The deal would give Constellation a beachhead in the lucrative United Kingdom energy market at a time of rising electricity prices and would mark another phase in its transformation from a Maryland-based utility into a global buyer and seller of electricity, natural gas and coal.
It's a story written in the laws and regulations that have in the past decade pried open once tightly regulated energy markets in the United States and abroad. Constellation has taken advantage of those market changes more than any other U.S. power provider by snatching up power plants and hiring a mostly young group of traders to help it capture power sales in markets stretching far beyond its roots on the shores of Chesapeake Bay.
Analysts credit the strategy for giving Constellation a strong balance sheet and solid earnings per share. Now, the company says, it plans to export its business model to Europe.
Over the past 18 months, the company has established itself as a major supplier of coal in the United Kingdom while quietly setting up the building blocks for a growing gas and electricity marketing operation that would in many ways mirror the company's U.S. business. It has about 35 employees in the United Kingdom, though some of the tiny trading operation is backed up in the company's corporate headquarters in Baltimore.
"We've taken important steps toward replicating aspects of our wholesale business in the United Kingdom, including power and natural gas provisioning, and coal," said Lawrence McDonnell, a spokesman for Constellation's non-regulated businesses. "Drax would fit in well with that strategy at the right price and under the right conditions."
But first, Constellation and its key partners, private investment fund Blackstone Group LP and New York hedge fund Perry Capital LLC, have to persuade Drax's owners to sell.
Last week, Drax officials characterized Constellation's bid as too low. At least one major shareholder, Stark Investments of Milwaukee, disagreed yesterday, saying the latest proposal looked attractive. Stark owns 10 percent of Drax, which is in Selby, Yorkshire.
The power plant's investors have to choose between selling to the group led by Constellation or listing the shares on the London Stock Exchange beginning Dec. 15. A vote on the matter will be held Nov. 30.
"Drax doesn't have to make a whole lot of money for it to be incremental for Constellation," said Raymond E. Moore, an industry analyst for Shields and Co. in New York. Moore doesn't own shares in the company.
Constellation initially offered about $3.5 billion for Drax in a bid submitted Sept. 13. Two other bidders - Texas Pacific Group Europe and International Power Plc and Mitsui & Co. - subsequently made offers, but both groups have dropped out of the bidding. Constellation said it could come to terms in two weeks.
Moore said Constellation has plenty of access to capital and that the acquisition would give the company a hedge against some of its riskier power marketing businesses.

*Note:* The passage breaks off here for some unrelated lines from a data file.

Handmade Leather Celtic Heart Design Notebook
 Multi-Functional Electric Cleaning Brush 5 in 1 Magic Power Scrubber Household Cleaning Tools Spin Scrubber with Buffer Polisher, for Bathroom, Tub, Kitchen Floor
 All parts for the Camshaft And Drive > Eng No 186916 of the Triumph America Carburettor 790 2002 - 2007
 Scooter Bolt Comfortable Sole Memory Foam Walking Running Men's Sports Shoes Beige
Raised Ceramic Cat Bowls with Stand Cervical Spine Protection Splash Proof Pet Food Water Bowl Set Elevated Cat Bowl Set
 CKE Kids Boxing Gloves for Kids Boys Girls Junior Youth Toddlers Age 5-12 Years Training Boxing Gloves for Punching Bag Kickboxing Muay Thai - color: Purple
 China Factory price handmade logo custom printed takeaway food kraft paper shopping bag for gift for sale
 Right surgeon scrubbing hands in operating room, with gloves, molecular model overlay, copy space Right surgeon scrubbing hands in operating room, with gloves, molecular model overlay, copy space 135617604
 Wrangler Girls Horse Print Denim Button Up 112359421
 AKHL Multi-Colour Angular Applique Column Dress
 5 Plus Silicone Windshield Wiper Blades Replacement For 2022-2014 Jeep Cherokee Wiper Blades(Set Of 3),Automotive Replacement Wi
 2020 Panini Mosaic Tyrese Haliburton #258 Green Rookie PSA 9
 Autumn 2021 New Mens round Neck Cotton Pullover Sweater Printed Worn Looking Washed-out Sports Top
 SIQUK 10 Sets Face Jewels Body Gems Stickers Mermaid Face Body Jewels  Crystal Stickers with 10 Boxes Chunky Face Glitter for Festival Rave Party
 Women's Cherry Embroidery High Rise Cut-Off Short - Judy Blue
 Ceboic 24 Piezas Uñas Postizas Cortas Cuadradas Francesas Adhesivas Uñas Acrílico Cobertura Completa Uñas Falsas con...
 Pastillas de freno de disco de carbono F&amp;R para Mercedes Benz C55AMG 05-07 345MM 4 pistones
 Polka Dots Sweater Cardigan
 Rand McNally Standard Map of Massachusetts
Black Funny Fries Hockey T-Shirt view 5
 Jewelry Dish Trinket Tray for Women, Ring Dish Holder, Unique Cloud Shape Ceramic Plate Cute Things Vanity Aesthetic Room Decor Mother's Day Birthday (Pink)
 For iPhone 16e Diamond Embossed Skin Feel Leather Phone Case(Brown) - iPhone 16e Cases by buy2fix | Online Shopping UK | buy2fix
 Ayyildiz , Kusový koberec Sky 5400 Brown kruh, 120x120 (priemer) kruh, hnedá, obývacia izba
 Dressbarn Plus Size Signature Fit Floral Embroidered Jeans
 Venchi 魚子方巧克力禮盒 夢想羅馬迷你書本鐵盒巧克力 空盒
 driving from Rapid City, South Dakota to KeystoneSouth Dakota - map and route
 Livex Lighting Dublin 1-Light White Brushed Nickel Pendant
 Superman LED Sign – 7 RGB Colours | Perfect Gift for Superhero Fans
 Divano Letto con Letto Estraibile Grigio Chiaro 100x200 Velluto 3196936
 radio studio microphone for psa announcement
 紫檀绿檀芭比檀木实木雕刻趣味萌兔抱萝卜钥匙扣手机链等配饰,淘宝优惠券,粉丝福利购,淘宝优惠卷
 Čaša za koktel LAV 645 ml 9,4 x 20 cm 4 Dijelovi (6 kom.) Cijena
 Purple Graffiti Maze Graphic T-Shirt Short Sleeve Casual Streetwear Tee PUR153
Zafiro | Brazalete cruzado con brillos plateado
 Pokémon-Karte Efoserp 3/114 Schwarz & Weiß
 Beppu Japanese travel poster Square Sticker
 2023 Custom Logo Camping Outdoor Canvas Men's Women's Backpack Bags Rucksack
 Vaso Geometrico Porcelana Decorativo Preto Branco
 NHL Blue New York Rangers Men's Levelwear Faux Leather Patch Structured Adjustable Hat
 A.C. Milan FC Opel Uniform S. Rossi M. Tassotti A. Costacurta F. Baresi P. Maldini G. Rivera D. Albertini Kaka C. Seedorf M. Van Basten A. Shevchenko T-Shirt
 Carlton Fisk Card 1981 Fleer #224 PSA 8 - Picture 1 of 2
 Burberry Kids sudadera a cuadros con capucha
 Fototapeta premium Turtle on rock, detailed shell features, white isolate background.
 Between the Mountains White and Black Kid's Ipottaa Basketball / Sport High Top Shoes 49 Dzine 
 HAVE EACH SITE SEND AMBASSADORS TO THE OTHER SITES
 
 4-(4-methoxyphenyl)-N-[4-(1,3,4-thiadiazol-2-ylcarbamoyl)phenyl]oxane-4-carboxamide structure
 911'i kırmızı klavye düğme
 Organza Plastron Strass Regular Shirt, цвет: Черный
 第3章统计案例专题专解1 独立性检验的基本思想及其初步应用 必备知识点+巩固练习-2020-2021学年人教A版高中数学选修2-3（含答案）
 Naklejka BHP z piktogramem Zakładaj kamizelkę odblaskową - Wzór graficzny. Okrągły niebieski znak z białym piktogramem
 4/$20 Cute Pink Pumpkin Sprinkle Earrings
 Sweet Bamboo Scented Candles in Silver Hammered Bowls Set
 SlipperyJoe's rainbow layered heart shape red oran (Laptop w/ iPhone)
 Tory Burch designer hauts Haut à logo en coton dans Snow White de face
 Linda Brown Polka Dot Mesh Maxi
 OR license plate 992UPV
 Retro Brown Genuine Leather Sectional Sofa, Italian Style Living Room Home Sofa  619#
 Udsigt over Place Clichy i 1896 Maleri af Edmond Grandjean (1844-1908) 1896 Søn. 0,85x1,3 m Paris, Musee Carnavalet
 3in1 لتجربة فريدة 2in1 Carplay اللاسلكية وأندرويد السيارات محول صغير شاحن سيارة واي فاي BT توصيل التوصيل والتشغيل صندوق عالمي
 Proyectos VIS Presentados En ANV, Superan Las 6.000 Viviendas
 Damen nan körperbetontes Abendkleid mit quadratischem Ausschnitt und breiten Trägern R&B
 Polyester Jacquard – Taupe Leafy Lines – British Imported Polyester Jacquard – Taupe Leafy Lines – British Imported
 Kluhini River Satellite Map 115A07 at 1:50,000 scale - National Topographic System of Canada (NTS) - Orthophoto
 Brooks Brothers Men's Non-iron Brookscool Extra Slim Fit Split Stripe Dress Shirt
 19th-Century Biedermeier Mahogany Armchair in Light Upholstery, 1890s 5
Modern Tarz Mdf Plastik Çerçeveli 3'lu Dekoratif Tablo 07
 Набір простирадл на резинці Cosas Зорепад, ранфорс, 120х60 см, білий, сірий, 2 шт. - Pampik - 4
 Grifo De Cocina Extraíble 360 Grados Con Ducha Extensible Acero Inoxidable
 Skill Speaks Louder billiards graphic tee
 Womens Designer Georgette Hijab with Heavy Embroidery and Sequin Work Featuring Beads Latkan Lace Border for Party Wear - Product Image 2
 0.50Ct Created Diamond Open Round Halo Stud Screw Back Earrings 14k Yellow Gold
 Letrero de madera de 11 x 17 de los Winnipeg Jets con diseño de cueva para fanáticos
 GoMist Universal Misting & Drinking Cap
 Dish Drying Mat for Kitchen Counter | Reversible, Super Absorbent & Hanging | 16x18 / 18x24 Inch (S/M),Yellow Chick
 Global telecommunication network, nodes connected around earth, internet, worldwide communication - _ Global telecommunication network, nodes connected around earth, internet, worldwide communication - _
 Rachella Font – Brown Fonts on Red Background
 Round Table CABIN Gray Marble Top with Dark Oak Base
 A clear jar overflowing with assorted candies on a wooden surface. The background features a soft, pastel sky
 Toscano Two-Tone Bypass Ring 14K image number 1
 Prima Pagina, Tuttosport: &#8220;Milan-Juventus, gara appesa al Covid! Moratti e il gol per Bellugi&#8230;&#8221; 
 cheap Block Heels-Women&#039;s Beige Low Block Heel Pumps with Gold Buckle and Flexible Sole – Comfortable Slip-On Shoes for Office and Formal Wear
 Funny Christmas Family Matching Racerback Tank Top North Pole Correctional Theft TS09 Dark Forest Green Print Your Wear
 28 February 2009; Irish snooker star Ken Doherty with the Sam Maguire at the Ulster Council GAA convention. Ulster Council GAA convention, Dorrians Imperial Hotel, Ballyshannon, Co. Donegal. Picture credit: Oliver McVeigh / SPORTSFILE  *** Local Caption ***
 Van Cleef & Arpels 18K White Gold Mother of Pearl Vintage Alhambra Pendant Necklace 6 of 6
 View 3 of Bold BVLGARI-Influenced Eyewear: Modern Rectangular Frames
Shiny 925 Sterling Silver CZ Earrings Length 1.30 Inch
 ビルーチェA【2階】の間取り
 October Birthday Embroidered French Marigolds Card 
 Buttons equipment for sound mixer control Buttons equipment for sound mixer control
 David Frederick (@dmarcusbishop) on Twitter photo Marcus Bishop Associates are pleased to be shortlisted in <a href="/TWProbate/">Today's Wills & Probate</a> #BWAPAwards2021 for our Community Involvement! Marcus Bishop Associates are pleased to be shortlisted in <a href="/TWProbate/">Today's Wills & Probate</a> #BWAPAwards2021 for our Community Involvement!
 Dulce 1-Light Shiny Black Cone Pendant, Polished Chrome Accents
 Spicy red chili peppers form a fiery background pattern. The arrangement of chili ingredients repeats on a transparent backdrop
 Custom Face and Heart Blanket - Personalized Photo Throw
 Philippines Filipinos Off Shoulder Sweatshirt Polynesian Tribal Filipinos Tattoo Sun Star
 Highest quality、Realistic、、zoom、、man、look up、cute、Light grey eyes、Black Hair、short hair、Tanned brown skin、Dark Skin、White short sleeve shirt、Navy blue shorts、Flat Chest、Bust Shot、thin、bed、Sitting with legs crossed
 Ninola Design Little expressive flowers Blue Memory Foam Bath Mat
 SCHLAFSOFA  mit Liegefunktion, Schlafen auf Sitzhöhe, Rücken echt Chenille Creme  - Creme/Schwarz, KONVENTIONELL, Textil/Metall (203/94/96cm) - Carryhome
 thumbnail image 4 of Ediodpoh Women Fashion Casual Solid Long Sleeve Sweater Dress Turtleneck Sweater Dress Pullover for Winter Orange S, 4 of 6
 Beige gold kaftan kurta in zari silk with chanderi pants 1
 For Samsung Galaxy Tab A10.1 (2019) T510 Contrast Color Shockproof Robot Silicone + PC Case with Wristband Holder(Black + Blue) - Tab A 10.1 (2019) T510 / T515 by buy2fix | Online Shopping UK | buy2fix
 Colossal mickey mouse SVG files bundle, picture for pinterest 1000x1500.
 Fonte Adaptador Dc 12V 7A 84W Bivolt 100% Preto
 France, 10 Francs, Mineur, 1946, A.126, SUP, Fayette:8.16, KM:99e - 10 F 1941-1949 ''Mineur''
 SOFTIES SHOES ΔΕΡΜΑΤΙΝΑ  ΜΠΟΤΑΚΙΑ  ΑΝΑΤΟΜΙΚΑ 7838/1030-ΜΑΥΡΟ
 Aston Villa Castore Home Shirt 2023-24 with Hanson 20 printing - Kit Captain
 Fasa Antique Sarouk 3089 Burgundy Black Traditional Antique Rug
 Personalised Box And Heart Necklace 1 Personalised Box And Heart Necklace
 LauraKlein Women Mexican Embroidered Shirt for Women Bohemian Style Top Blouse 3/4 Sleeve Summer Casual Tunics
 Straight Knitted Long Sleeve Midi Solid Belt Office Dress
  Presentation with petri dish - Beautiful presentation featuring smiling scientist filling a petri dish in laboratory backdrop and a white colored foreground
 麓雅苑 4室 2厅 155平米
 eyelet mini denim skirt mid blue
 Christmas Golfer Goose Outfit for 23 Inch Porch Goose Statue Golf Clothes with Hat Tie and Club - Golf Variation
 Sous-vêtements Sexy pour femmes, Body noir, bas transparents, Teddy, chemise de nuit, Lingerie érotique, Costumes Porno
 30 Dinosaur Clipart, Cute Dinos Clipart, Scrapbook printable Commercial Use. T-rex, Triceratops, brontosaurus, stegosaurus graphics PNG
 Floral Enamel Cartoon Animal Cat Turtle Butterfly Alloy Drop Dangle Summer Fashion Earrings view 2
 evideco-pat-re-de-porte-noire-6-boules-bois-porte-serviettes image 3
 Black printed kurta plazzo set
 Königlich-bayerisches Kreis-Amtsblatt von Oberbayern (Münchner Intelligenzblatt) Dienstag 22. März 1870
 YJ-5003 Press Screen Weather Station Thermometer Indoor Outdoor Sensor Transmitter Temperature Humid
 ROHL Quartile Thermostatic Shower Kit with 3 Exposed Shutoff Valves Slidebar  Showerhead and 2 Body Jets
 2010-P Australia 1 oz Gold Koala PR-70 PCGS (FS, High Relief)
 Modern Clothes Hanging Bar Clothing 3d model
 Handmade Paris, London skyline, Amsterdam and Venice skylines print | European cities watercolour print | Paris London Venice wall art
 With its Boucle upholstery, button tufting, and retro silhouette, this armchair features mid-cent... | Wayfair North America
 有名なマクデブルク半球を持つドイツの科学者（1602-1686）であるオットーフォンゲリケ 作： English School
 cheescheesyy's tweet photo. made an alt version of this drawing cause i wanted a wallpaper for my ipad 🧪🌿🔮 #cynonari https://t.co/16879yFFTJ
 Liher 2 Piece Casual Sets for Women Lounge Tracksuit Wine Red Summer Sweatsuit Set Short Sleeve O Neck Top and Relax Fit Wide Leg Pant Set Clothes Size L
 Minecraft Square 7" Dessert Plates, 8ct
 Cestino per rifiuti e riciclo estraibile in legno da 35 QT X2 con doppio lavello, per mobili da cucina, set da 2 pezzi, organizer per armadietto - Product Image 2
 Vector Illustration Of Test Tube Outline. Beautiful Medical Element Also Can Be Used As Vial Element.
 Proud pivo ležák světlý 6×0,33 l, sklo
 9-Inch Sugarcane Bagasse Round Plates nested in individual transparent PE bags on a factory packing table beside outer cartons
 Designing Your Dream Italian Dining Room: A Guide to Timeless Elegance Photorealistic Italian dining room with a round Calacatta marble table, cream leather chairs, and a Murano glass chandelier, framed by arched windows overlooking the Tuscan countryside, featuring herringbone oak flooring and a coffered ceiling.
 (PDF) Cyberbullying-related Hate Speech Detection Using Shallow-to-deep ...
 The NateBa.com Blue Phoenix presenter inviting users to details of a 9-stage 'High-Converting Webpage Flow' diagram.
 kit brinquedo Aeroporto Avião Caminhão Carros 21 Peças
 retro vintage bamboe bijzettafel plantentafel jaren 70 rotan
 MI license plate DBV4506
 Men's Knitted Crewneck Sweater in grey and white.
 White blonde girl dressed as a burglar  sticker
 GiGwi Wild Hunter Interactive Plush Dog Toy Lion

"This is a way of getting their feet wet, and if it doesn't work, they can always sell it," Moore said.
U.S. energy companies have had a stormy history in Britain. A handful of U.S. companies entered the United Kingdom's deregulated power market in the late 1990s, only to see their investments wiped out as the British market tanked.
Drax has a turbulent history, having been turned over to creditors in 2003 after it lost its biggest customer, Texas-based TXU Europe. The plant's owner, AES Corp. of Arlington, Va., was eventually forced to write off its $3 billion investment.
But energy prices in Britain have nearly doubled in the last year, creating a much more favorable market for investors, analysts said.